Task brief →
For this item, repeat the material exactly while omitting its pictures.

Collected data →
::::::

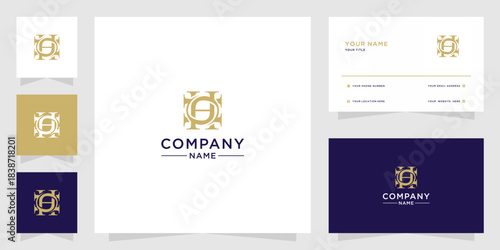 luxury HO letter logo design and business card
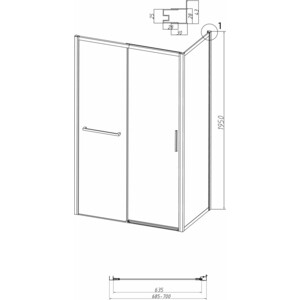 Боковая стенка Grossman Style 70х195 прозрачная, черная матовая (200.K33.05.70.21.00)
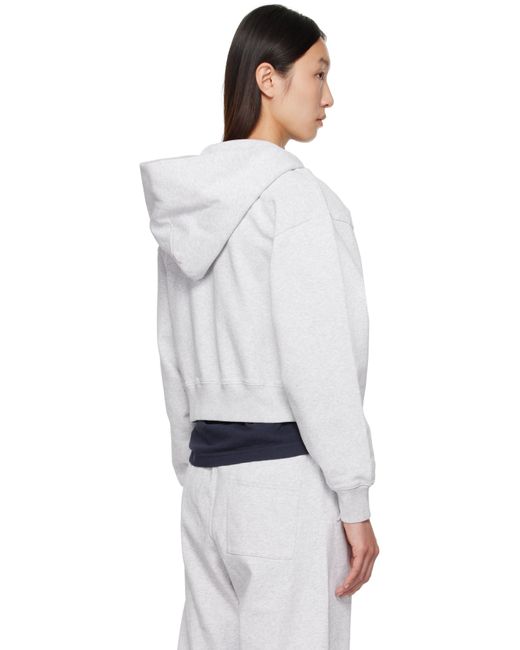 Sporty & Rich White 'Ny Health Club' Cropped Zip Sports Hoodie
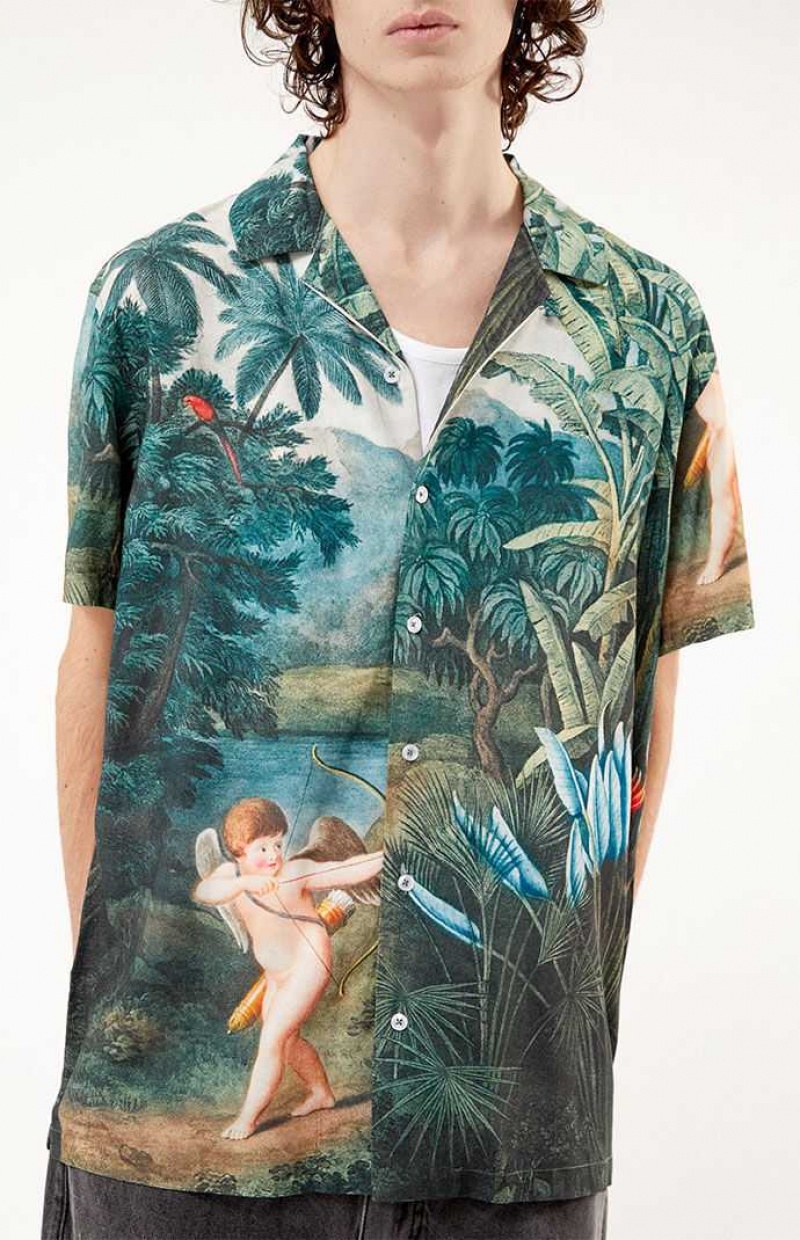 GREEN PacSun Still Life Button Down Shirt | IBZLRUV-87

::::::

Output of the task →
 luxury HO letter logo design and business card
 Боковая стенка Grossman Style 70х195 прозрачная, черная матовая (200.K33.05.70.21.00)
 Sporty & Rich White 'Ny Health Club' Cropped Zip Sports Hoodie
 GREEN PacSun Still Life Button Down Shirt | IBZLRUV-87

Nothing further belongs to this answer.